歴史的瞬間

投稿: 2008年11月6日

日本時間2008年11月5日午後1時、僕は自宅の仕事部屋で、AFNが流していたABCテレビの選挙特番を聴いていた。1時になると同時に、ABCのアンカー、Charles Gibsonが言った。
「今またいくつかの州で投票が締め切られました。カリフォルニアでは、Obama上院議員の当選が確実です。」
僕は思わず声を上げた。そしてGibsonは続ける。
「従って、次期大統領にはObama氏の当選が確実です。」
再び「おー」と声を上げ、そしてこみ上げてくるものを感じた。

日本の報道を知りたかったので、慌ててTBSラジオに替えてみた。すると、バークレー在住の映画評論家、町山智浩氏が電話でレポートをしていた。彼は、締め切り直前の近所の投票所に行ってみたそうだ。昼間は各地で長い列ができていた投票所も、締め切り直前の時間帯にはほとんど人もいなかったそうだ。そんな投票所で投票していた二人の黒人のうちの一人に話を聞いたという。

その人は72歳のおじいさんで、歩行器を使ってどうにか歩いて投票所までやって来たのだという。そして、
「自分が生きている間に黒人の大統領が誕生するなんて夢にも思ったことはなかった。だから今回は何が何でも投票したかった。」
と話してくれたのだそうだ。

またAFNが流すABCテレビの音声に戻ってみた。熱狂する人々の声がひっきりなしに伝えられていた。スタジオにいるらしいコメンテーターの一人の発言が印象的だった。彼女は、高い教育を受けたであろうことを感じさせる言葉遣いと落ち着いた口調で、こんなことを言っていた。
「私は小さい頃から、親に『この国に生まれたら、できないことなんて何もないんだ』と言われ続けて育ってきました。でもそう言っている方も言われている方も、心のどこかにそれは真実ではないという重いがあったことは否定できません。でも今、それが真実だったことが分かったし、これでもう親たちは子供たちに対して嘘をつかなくてすむんです。」
彼女のアクセントには黒人にしばしば見られる特有のものは一切なかったが、その言葉には喜びがあふれているように感じられ、きっと彼女自身のいろいろな経験が凝縮されているのだろうと思った。

いろいろなレポーターがあちこちの様子を伝えていた。

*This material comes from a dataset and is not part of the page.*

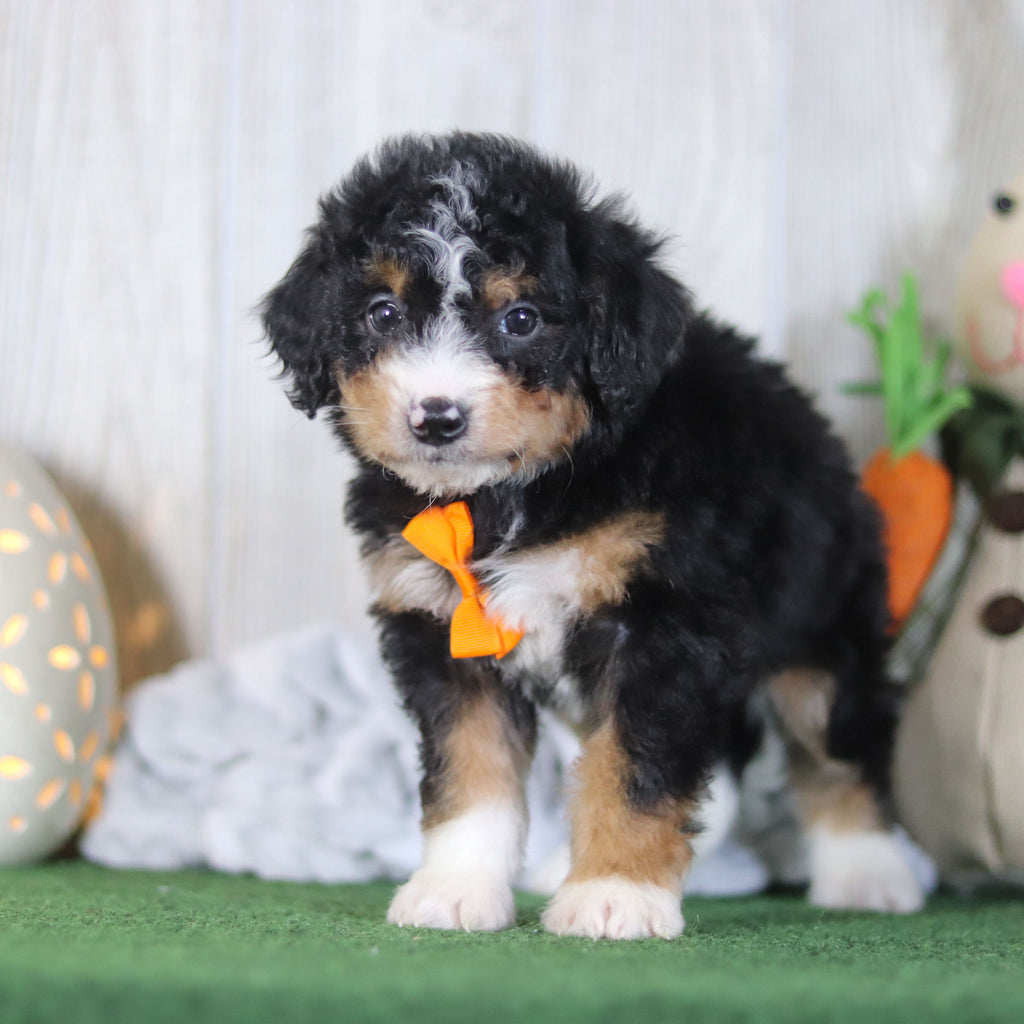 Bronte - Available 4/16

中にはこみ上げてくるものをどうにかこらえて必至にレポートをしている人もいた。きっと彼も黒人なんだろう。そんなことを考えながら、いろいろな人の思いが詰まった発言を聞いていた。気づくと僕も泣いていた。

いろいろな人のそんな強い思いを受けて、課題の多い大国の舵取りをしなければならないObama氏が直面する苦労はかなりのものだろう。そして、黒人の、いやアメリカの誇りである彼は、絶対に失敗するわけにはいかないことをよく分かっているだろう。その重圧の中、彼がどのように「変革」をもたらすことができるのか、大いに注目したい。

僕がアメリカにいた時に発生した911のテロ事件、その後の「テロとの戦い」、そういったものがアメリカを大きく変えたことは疑いようがない。以前ここにも書いたことがあるが、911を境に、アメリカの姿は僕が好きだったものとは変わってしまっていた。僕にとって「変わってしまったアメリカ」の象徴だったBushがホワイトハウスを去り、そして変化をもたらすことがいわば義務づけられた新しいリーダーがホワイトハウスにやってくる。変わってしまったアメリカやアメリカ人が、新しいリーダーの下でどのように変わっていくのか、僕も多くのアメリカ人同様、知らないうちに期待していることに気づいた。